China has become an industrial powerhouse, moving beyond initial successes in low-wage sectors such as apparel and footwear to the increasingly sophisticated production of computers, pharmaceuticals and automobiles.
This process of growth was accompanied by an intense phenomenon of urbanization, with a huge movement of the Chinese population from the countryside to the cities:
In 1980, the urban population did not reach 200 million people. Today, this population is approaching one billion people.
China has lifted more people out of extreme poverty than any other country in history. Between 1978 and 2018, China reduced extreme poverty by 800 million people.
The problems of the last 6 years
In the last 4 decades we have had very high economic growth rates, a strong increase in GDP per capita, urbanization, wealth, savings and investment.
Perhaps even more impressive than pace was the length of this very high growth cycle.
We all know that it would be very difficult to maintain it for a long time, because of the base effect, the diminishing returns and, above all, the challenges of the necessary changes in the development model.
In the last 7 years, growth has slowed significantly.

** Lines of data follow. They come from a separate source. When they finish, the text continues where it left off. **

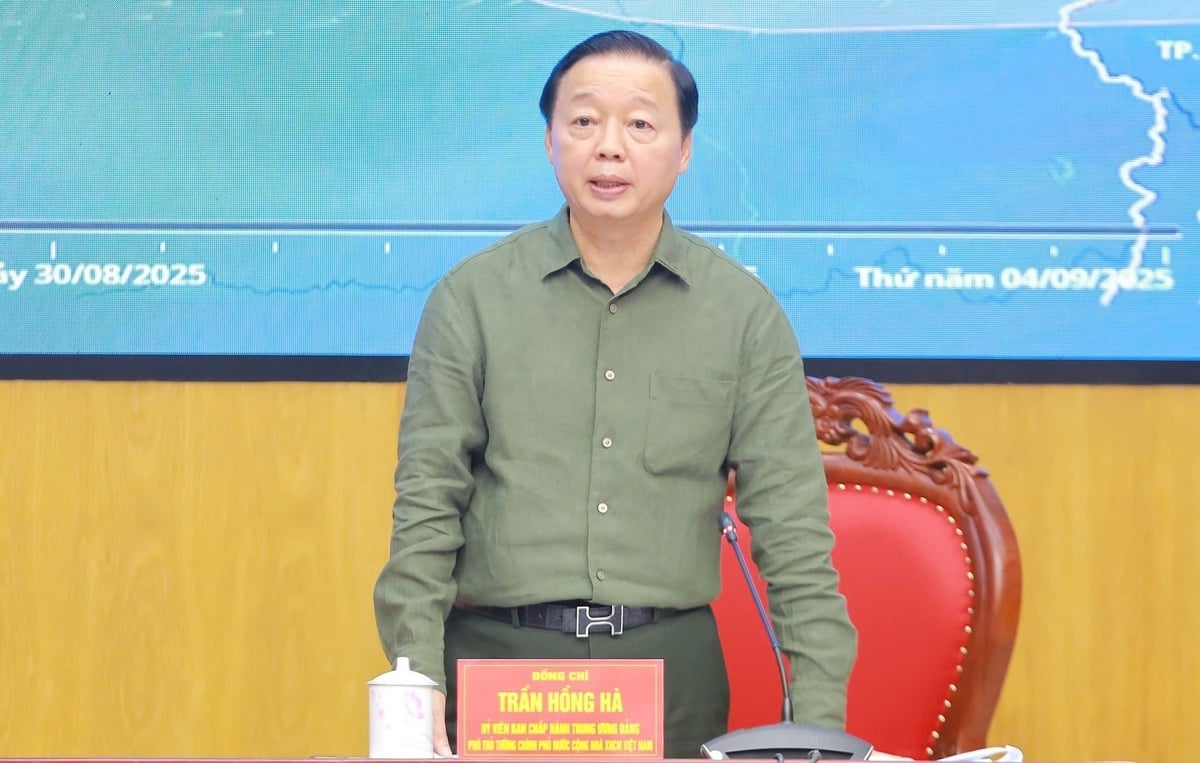 Phó Thủ tướng Trần Hồng Hà trực tiếp chỉ đạo ứng phó bão số 5. Ảnh: Ngọc Linh. Phó Thủ tướng Trần Hồng Hà trực tiếp chỉ đạo ứng phó bão số 5. Ảnh: Ngọc Linh.
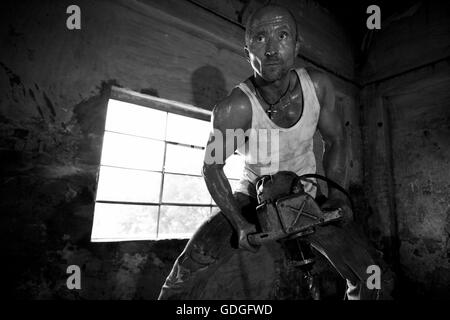 Culte du corps,concepts,hard,guy,la sueur,homme,force,foret,les travailleurs,les muscles Banque D'Images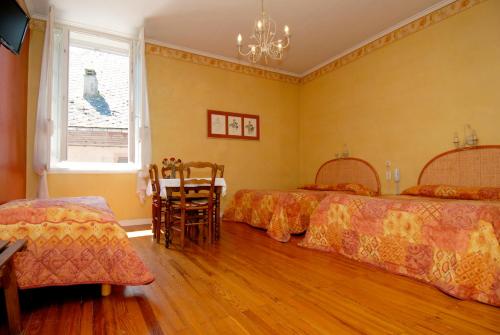 Imagen de la habitación del Hotel George, Montmelian. Foto 7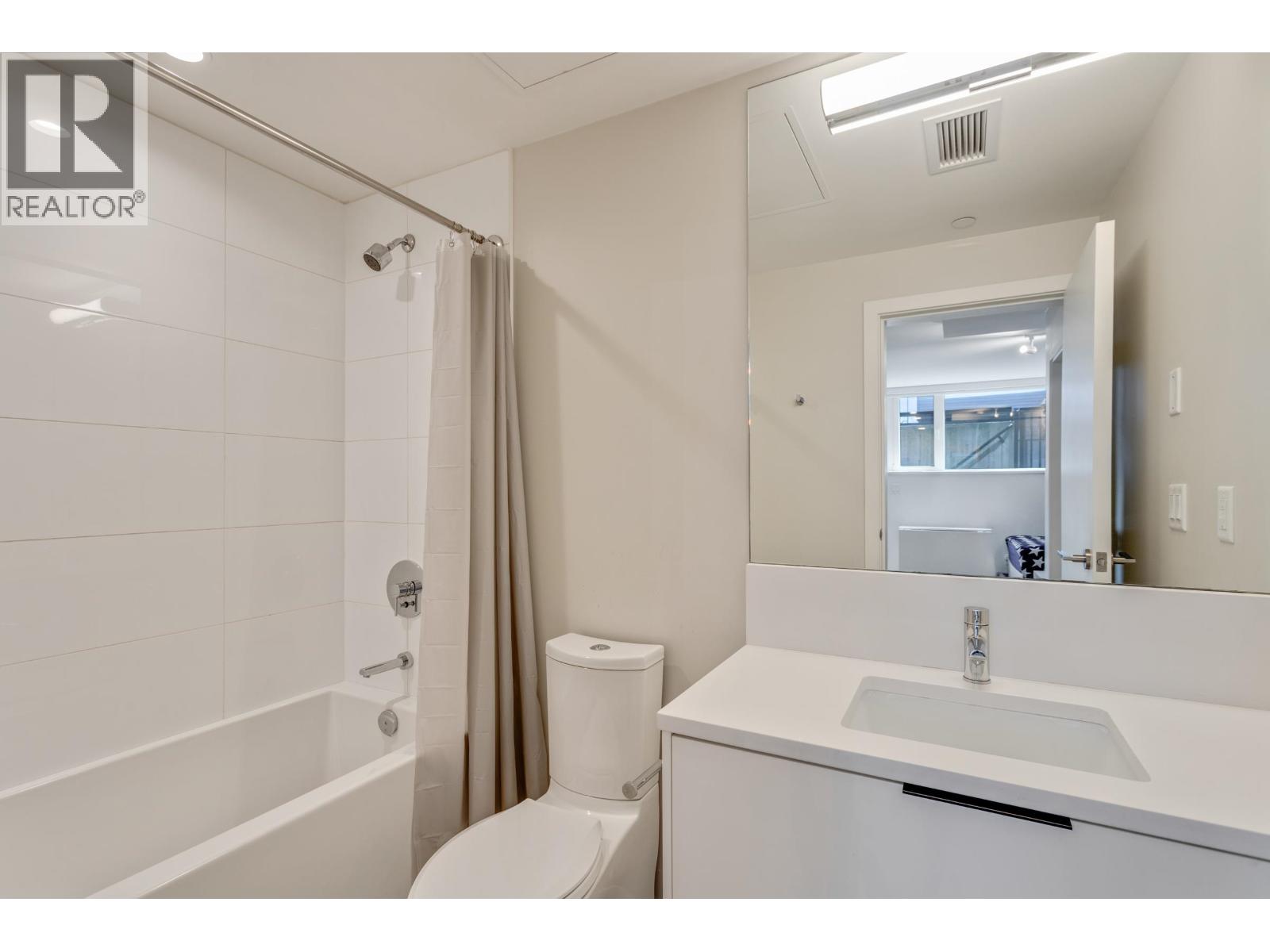 125 649 E 3RD STREET, North Vancouver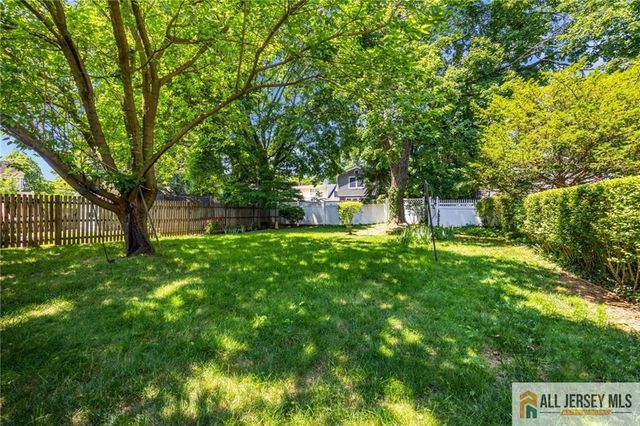 25 Home Street, Metuchen, NJ 08840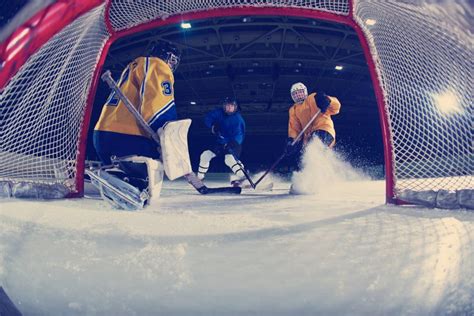 Småkronorna får resa till sydstaterna i april. Sverige Ryssland | fakta inför Hockey VM i Riga 2021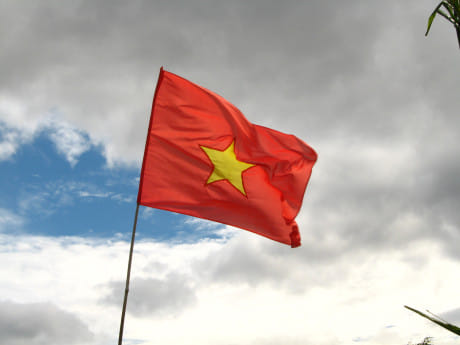 flag_of_vietnam.jpg
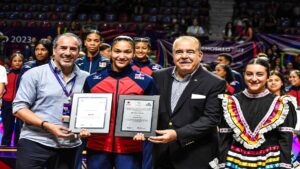 La dominicana Arianna Rodríguez recibe sus premios de MásValiosa y mejor acomodadora en la Copa Panam Sub-23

At first, it was thought that this slowdown would be due to the 2020 pandemic, but today it is admitted that it is more structural.
Some fractures, weaknesses and vulnerabilities in the economic development model began to emerge, such as the inefficiencies and low productivity of public investment and SOEs (which manifested themselves in the bankruptcies of the construction sector, among others), demographic ageing, and the effects of the setback of globalisation.
In the following articles we will dissect each of these aspects and the consequences regarding the interest of the Chinese stock market for foreign investors.
This central question of the attractiveness of the Chinese market is very pertinent because, as we know, investing well means diversifying risks, doing so, above all, in the world’s largest economies and companies, and privileging those that are world leaders and consumer goods, in order to put the economy to work for us.